What you need to do: Copy the listing below letter for letter, passing over each picture.

[Data shown — start]

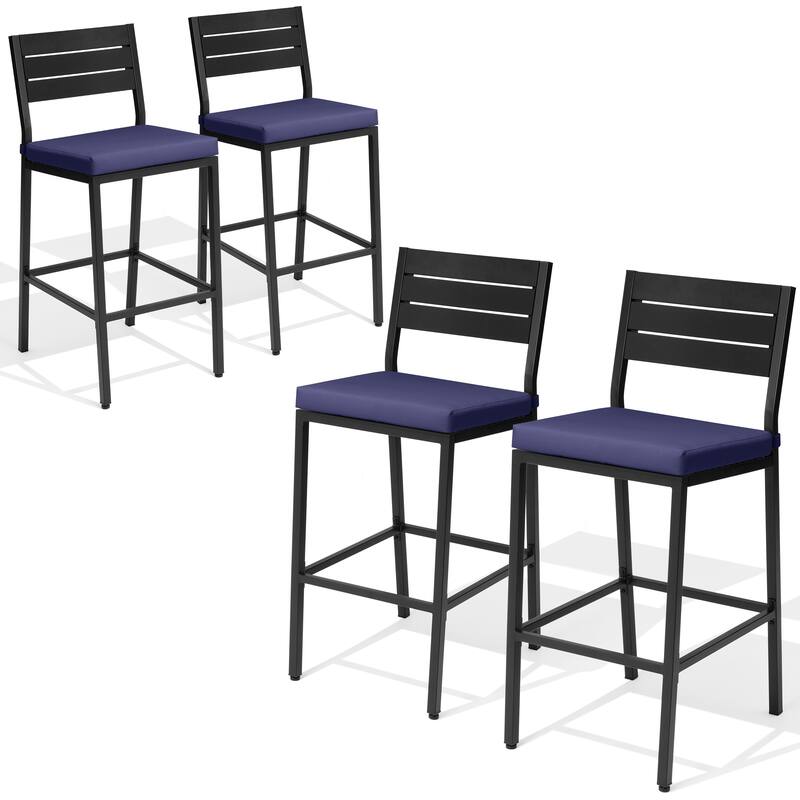 VredHom Outdoor Patio Barstools with Cushion - D 20.5 in. x W 17.3 in. x H 40.2 in.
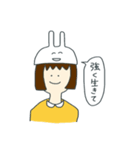 うさぎの帽子の人々（個別スタンプ：14）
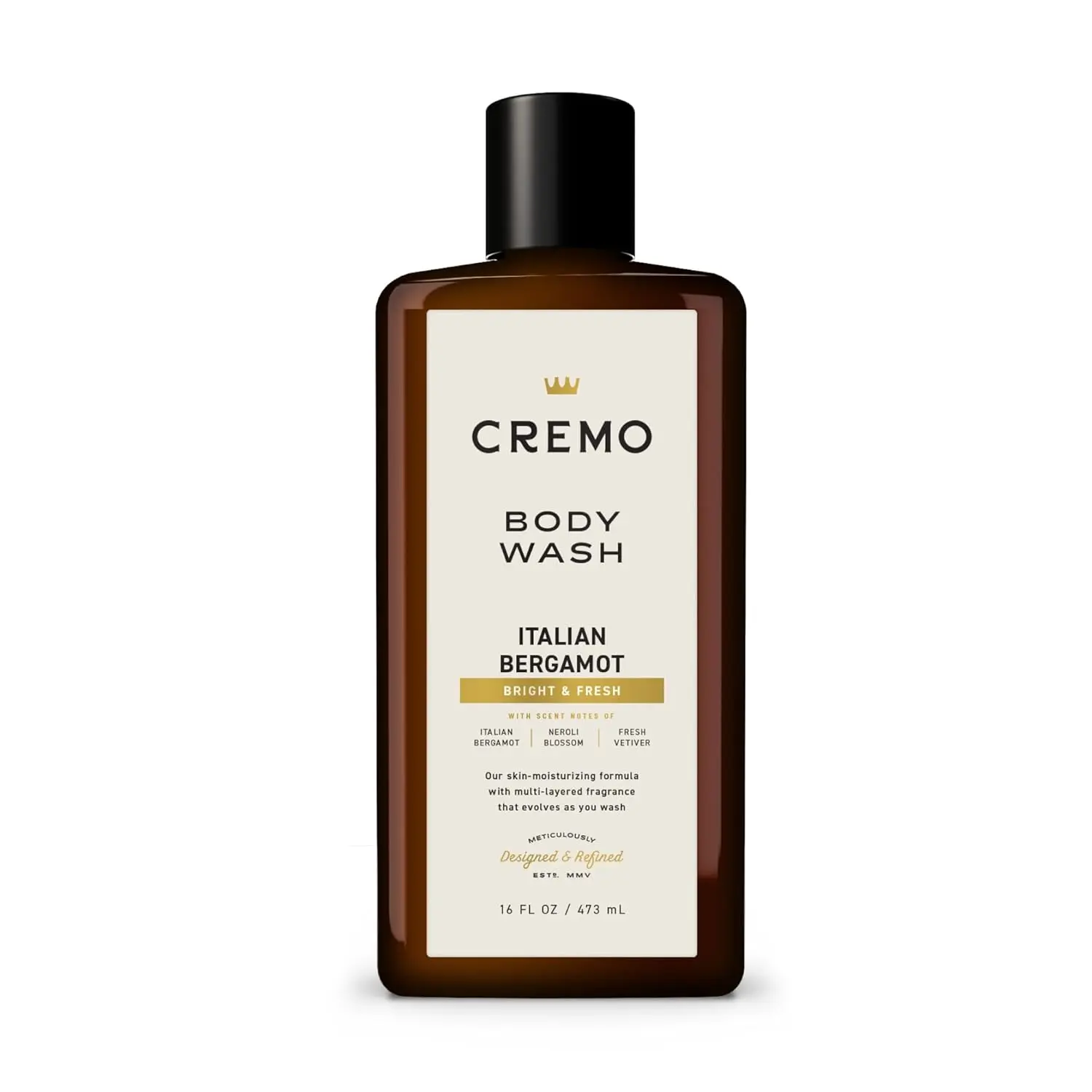 Cremo Body Wash Men, Notes of Italian Bergamot, Neroli Blossom, and Fresh Vetiver, Rich-Lathering Italian Bergamot, 16 Fl Oz Cremo Company LLC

[Data shown — finish]

Response to this exercise:
 VredHom Outdoor Patio Barstools with Cushion - D 20.5 in. x W 17.3 in. x H 40.2 in.
 うさぎの帽子の人々（個別スタンプ：14）
 Cremo Body Wash Men, Notes of Italian Bergamot, Neroli Blossom, and Fresh Vetiver, Rich-Lathering Italian Bergamot, 16 Fl Oz Cremo Company LLC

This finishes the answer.